Solzhenitsyn Rebuffed by Gorbachev on Slav Union
MOSCOW — President Mikhail S. Gorbachev today rejected exiled writer Alexander Solzhenitsyn’s recent proposals for replacing the Soviet Union with an all-Slavic state as disrespectful to other ethnic groups.
In his first public remarks on Solzhenitsyn’s suggestions, the 59-year-old Soviet leader said they are unacceptable and sharply conflict with his own views on how to restructure relations between the 15 Soviet republics.
“As a politician, his views on the future of our multinational state are unacceptable,” Gorbachev told the Supreme Soviet legislature. “They are far from reality. . . . These views have a destructive character.”
Gorbachev’s remarks put him into a competition with Solzhenitsyn, a Nobel laureate, for the hearts and minds of the Russian people and underscored the writer’s increasing importance. Solzhenitsyn, who lives in Cavendish, Vt., described life in Soviet prison camps in such acclaimed works as “One Day in the Life of Ivan Denisovich,” and “The Gulag Archipelago.”

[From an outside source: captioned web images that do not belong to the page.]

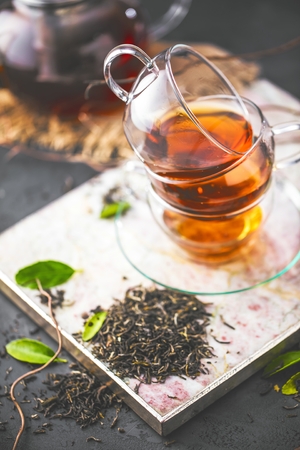 Cup of freshly brewed black tea,warm soft light, darker background.の写真素材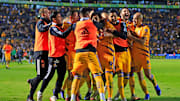 Jugadores de Tigres UANL celebran un gol.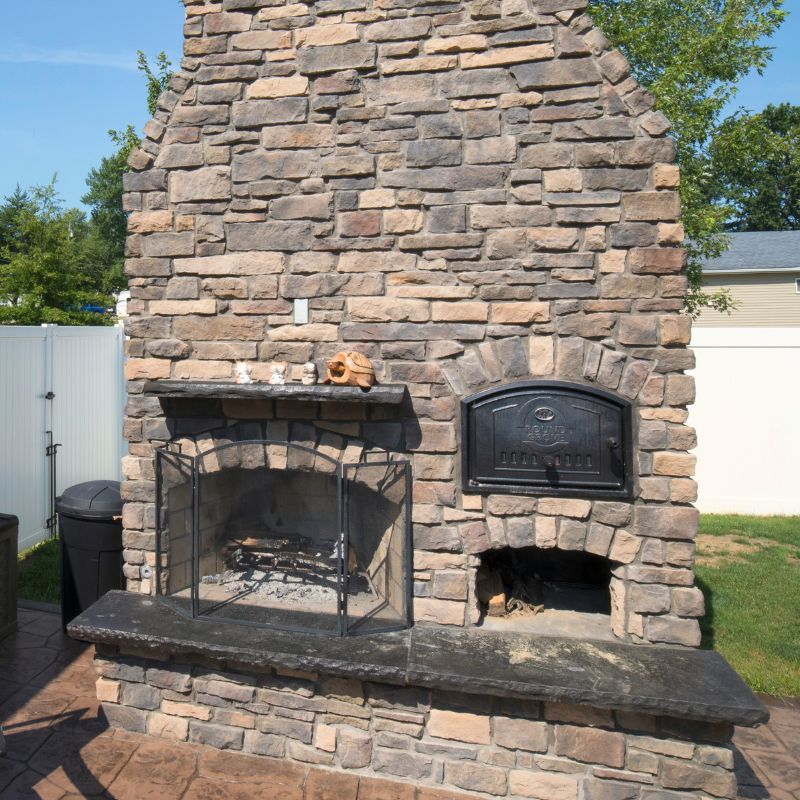 Round Grove Outdoor Brick Oven next to a Round Grove Fireplace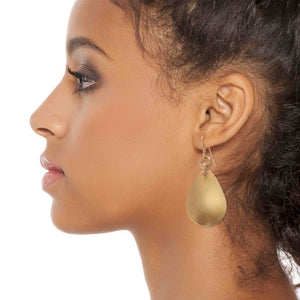 6 of 8: Chic Woman Wearing Brushed Bronze Medium Teardrop Earrings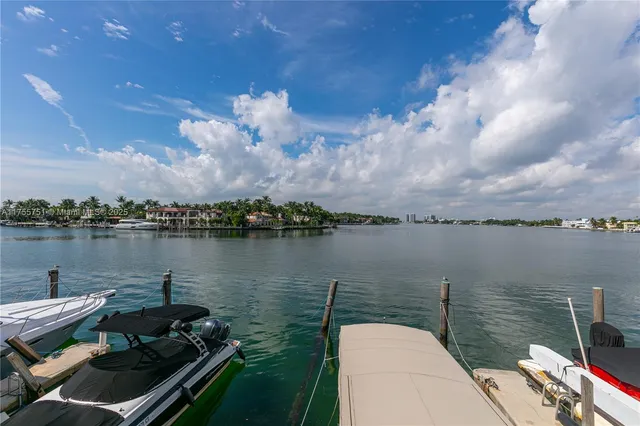 a front view of building with yard and sign board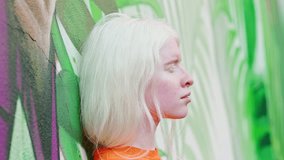 Pretty stylish albino teen generation z girl, cute inclusive beautiful female fashion model with white hair, pale skin standing at white wall with green leaves outdoors. Inclusion concept.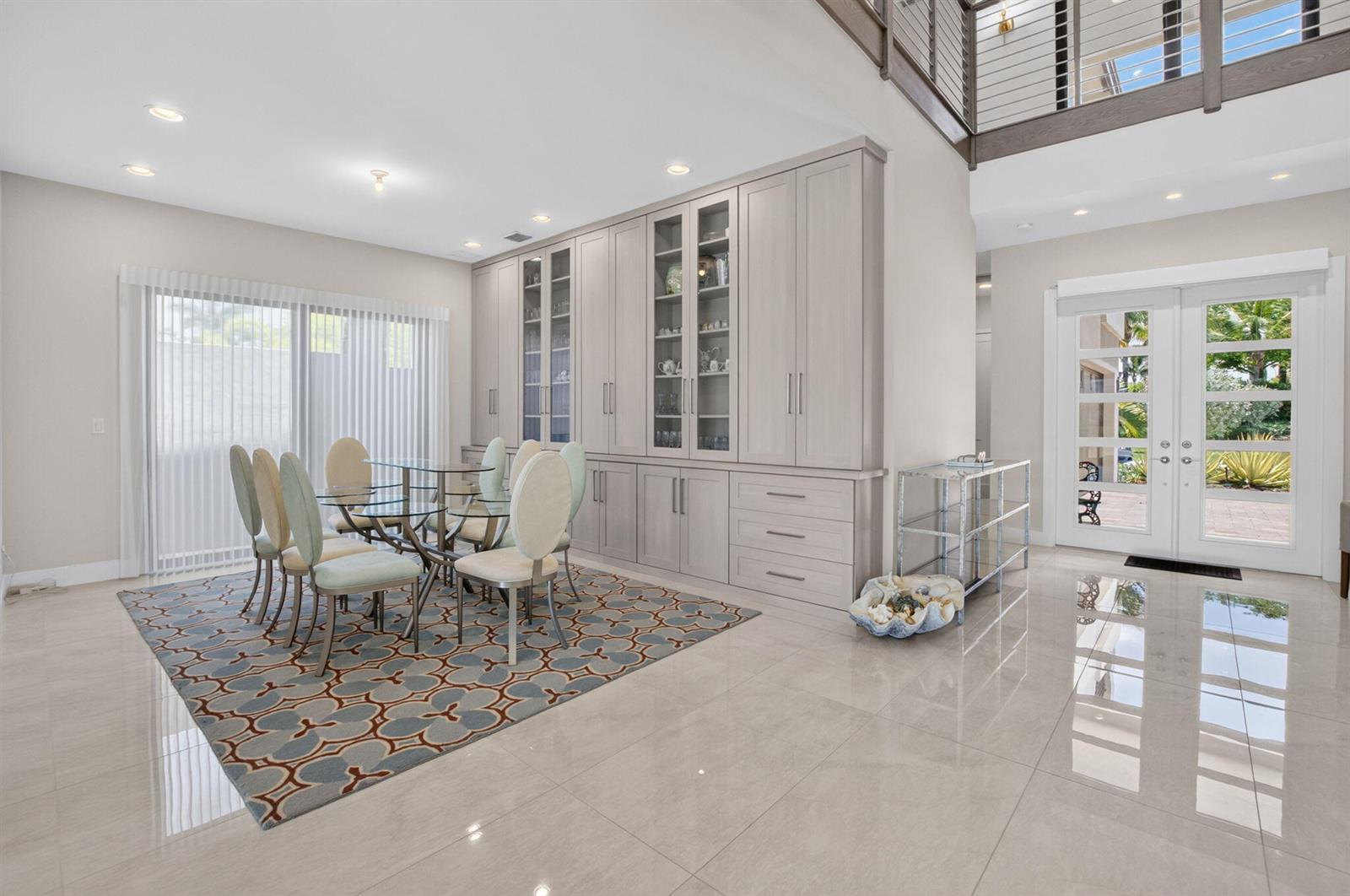 A dining area features a glass table, patterned rug, and floor-to-ceiling light-toned cabinetry — 17100 Wandering Wave Avenue, Boca Raton FL 33496, BOCA RATON, FL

In his article, which appeared Sept. 18 in the reformist newspaper Komsomolskaya Pravda, Solzhenitsyn, 71, called for spirituality over materialism and a unified Slavic nation.
Solzhenitsyn suggested forming a “Russian Union,” which would include the republics of Russia, Byelorussia and the Ukraine. A large part of Kazakhstan would also be included. The 12 other Soviet republics, including the rest of Kazakhstan, have different cultures and should be allowed to secede, he said.
Gorbachev said Solzhenitsyn’s political views are “all in the past, the past Russia, the czarist monarchy.”